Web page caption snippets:
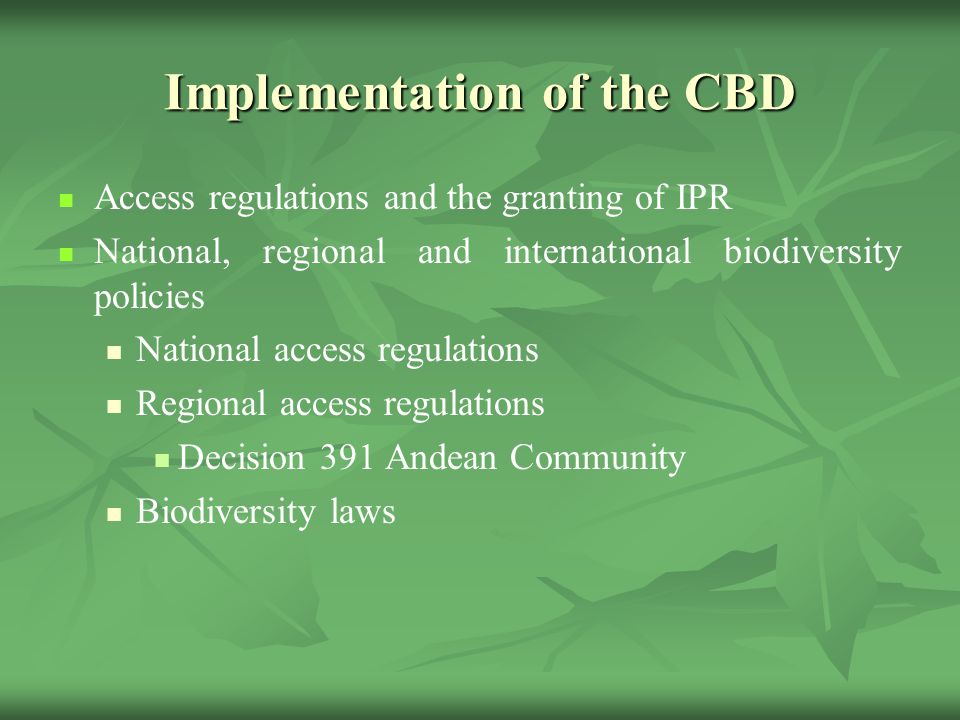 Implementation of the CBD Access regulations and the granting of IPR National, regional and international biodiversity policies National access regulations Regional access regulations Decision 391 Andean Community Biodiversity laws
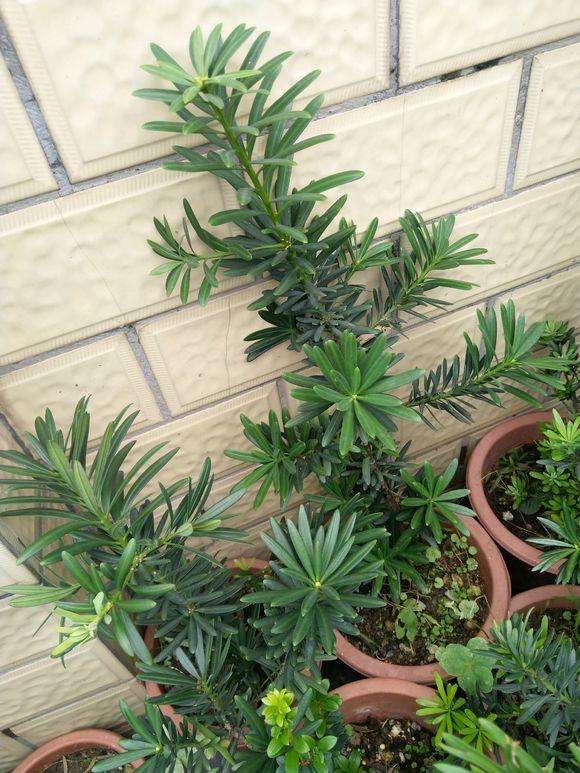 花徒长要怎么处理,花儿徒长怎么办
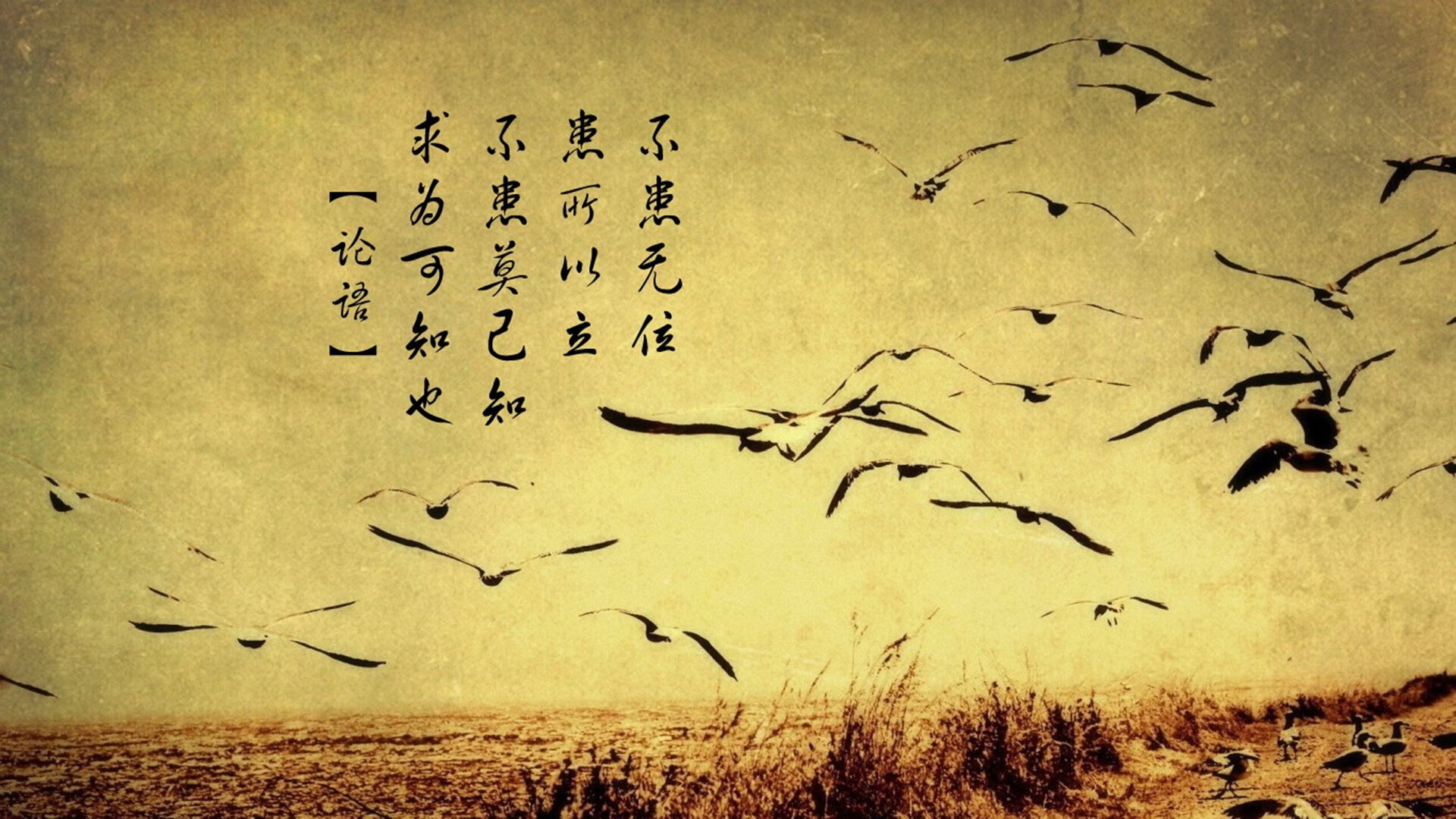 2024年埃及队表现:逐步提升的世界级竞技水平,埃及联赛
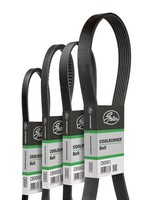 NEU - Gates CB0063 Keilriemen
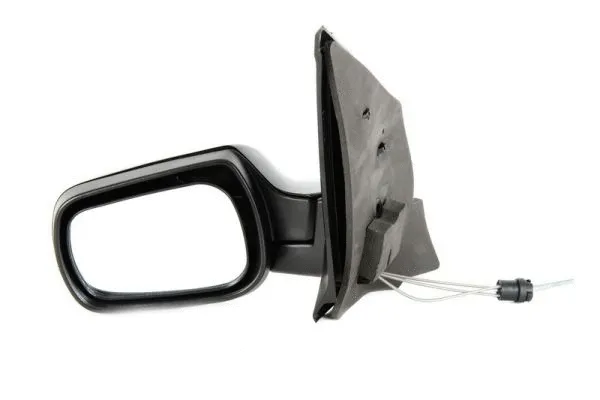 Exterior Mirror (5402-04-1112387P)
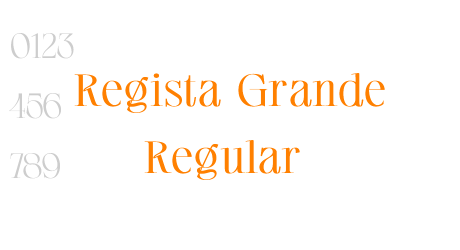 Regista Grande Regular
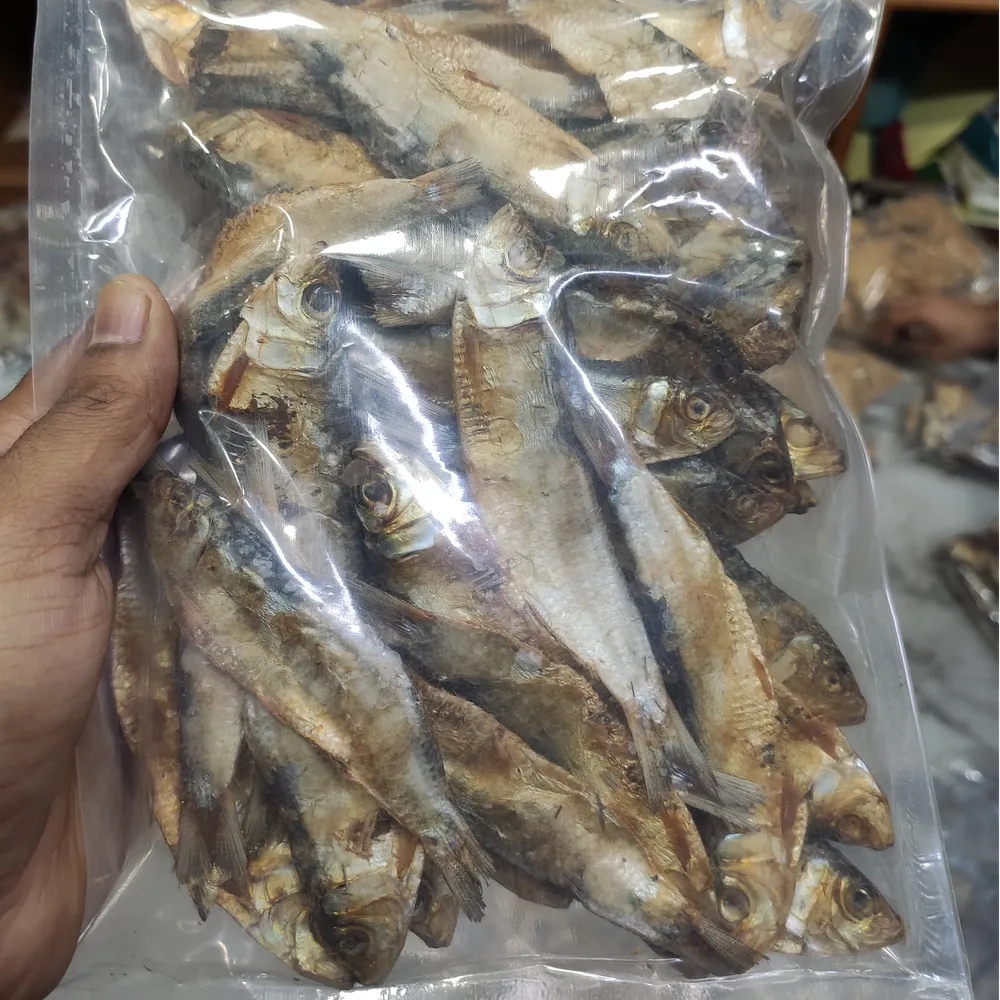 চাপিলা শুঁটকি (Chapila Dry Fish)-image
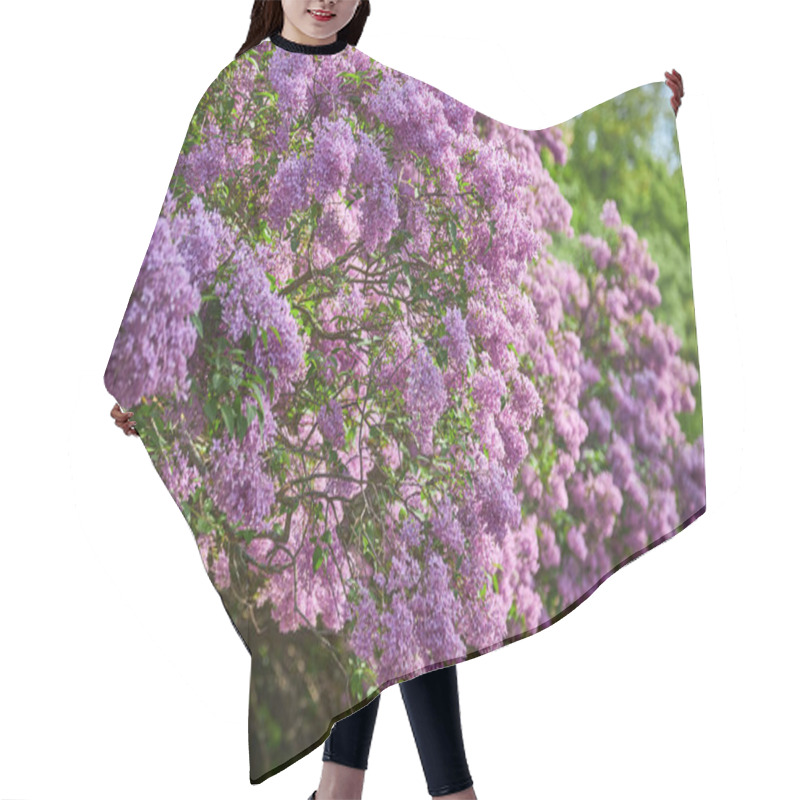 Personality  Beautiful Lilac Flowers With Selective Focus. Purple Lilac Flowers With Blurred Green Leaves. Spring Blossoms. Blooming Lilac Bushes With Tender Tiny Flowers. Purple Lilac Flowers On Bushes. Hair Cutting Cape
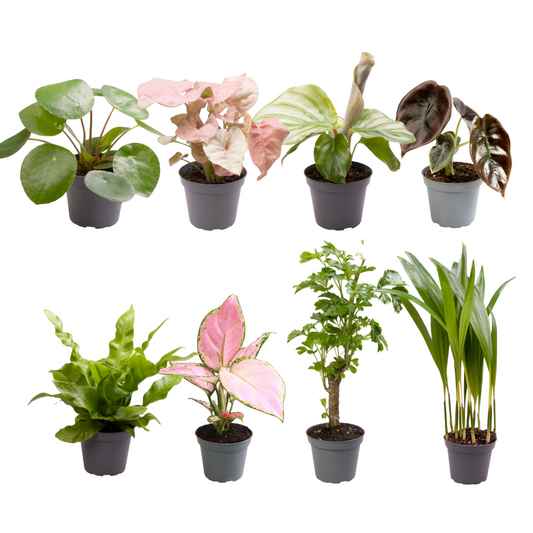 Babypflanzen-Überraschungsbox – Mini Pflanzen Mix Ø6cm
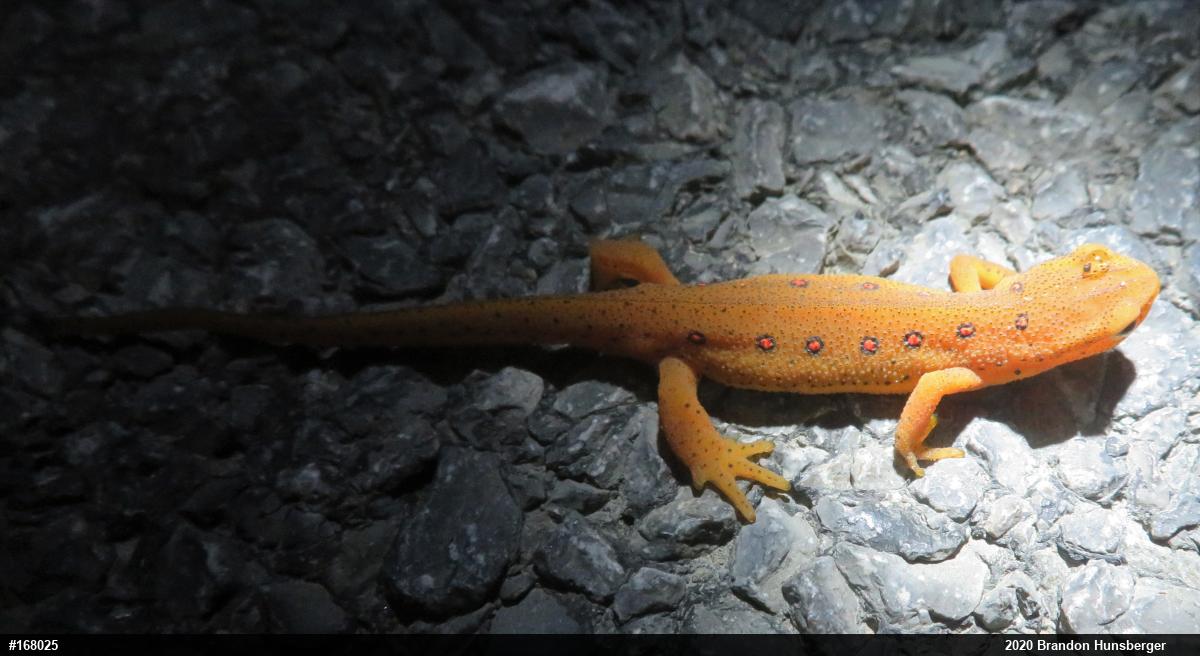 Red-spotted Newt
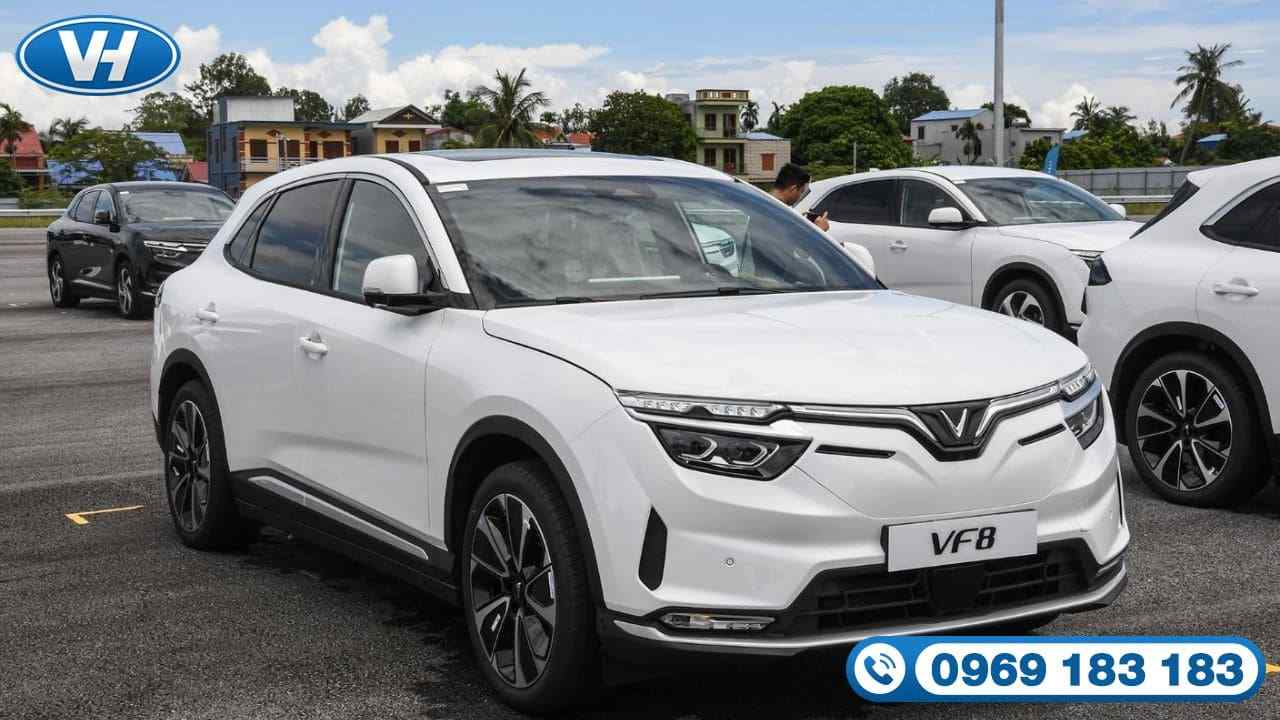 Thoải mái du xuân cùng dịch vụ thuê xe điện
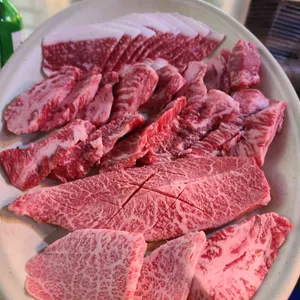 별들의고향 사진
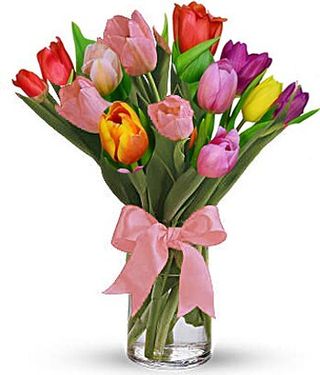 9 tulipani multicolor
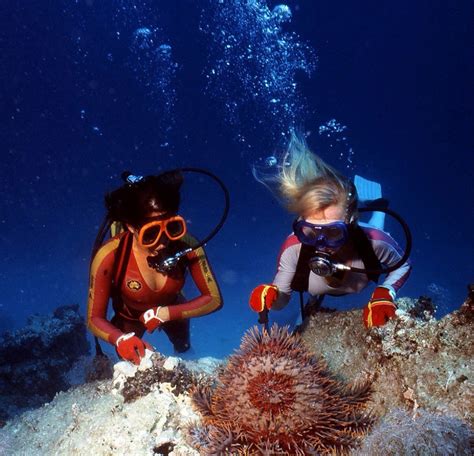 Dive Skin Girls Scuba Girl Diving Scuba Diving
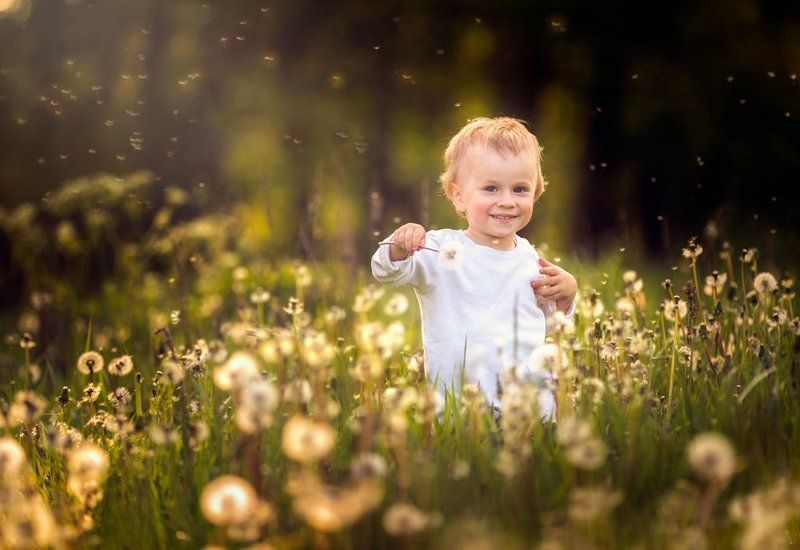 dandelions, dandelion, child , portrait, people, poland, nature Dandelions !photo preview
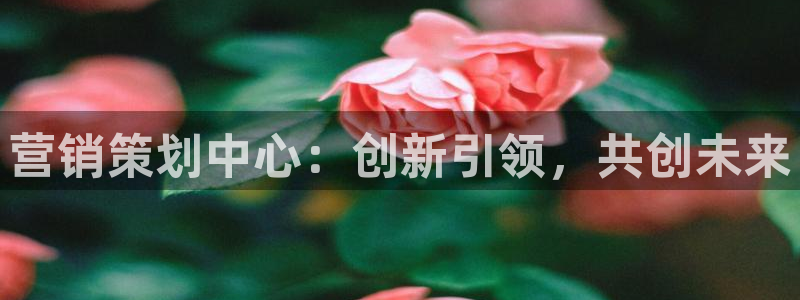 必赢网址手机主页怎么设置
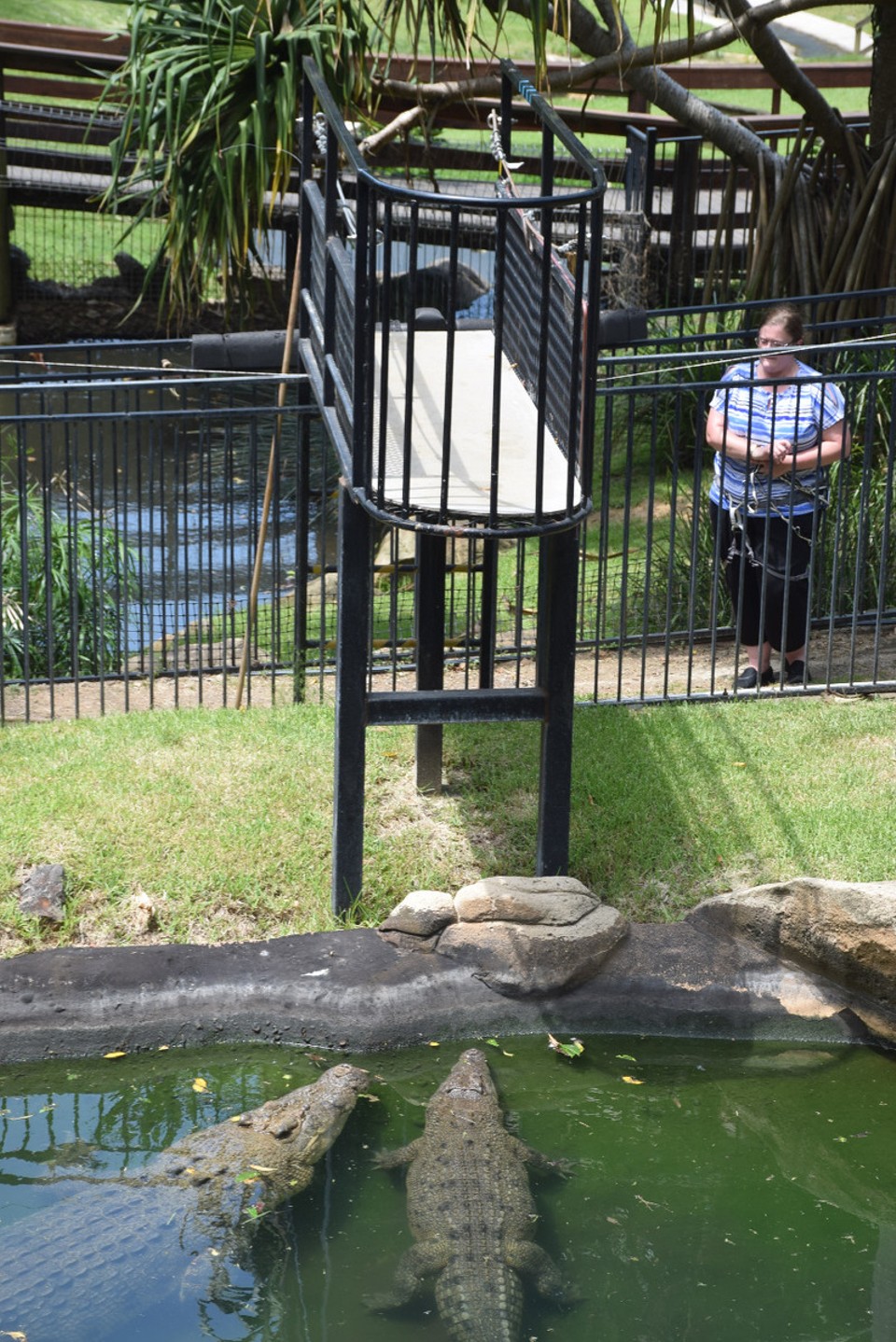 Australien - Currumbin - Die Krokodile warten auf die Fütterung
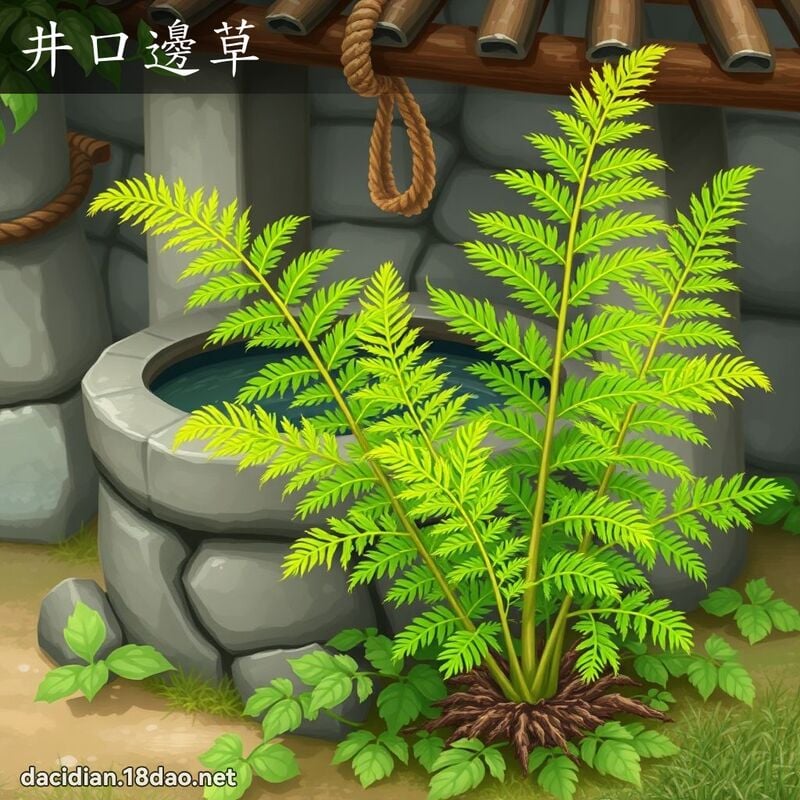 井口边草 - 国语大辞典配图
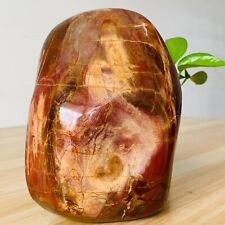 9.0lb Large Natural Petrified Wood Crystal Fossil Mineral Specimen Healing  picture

### Exercise aim
Could the entries be output exactly as written, but without their images?

### Your response
 Implementation of the CBD Access regulations and the granting of IPR National, regional and international biodiversity policies National access regulations Regional access regulations Decision 391 Andean Community Biodiversity laws
 花徒长要怎么处理,花儿徒长怎么办
 2024年埃及队表现:逐步提升的世界级竞技水平,埃及联赛
 NEU - Gates CB0063 Keilriemen
 Exterior Mirror (5402-04-1112387P)
 Regista Grande Regular
 চাপিলা শুঁটকি (Chapila Dry Fish)-image
 Personality  Beautiful Lilac Flowers With Selective Focus. Purple Lilac Flowers With Blurred Green Leaves. Spring Blossoms. Blooming Lilac Bushes With Tender Tiny Flowers. Purple Lilac Flowers On Bushes. Hair Cutting Cape
 Babypflanzen-Überraschungsbox – Mini Pflanzen Mix Ø6cm
 Red-spotted Newt
 Thoải mái du xuân cùng dịch vụ thuê xe điện
 별들의고향 사진
 9 tulipani multicolor
 Dive Skin Girls Scuba Girl Diving Scuba Diving
 dandelions, dandelion, child , portrait, people, poland, nature Dandelions !photo preview
 必赢网址手机主页怎么设置
 Australien - Currumbin - Die Krokodile warten auf die Fütterung
 井口边草 - 国语大辞典配图
 9.0lb Large Natural Petrified Wood Crystal Fossil Mineral Specimen Healing  picture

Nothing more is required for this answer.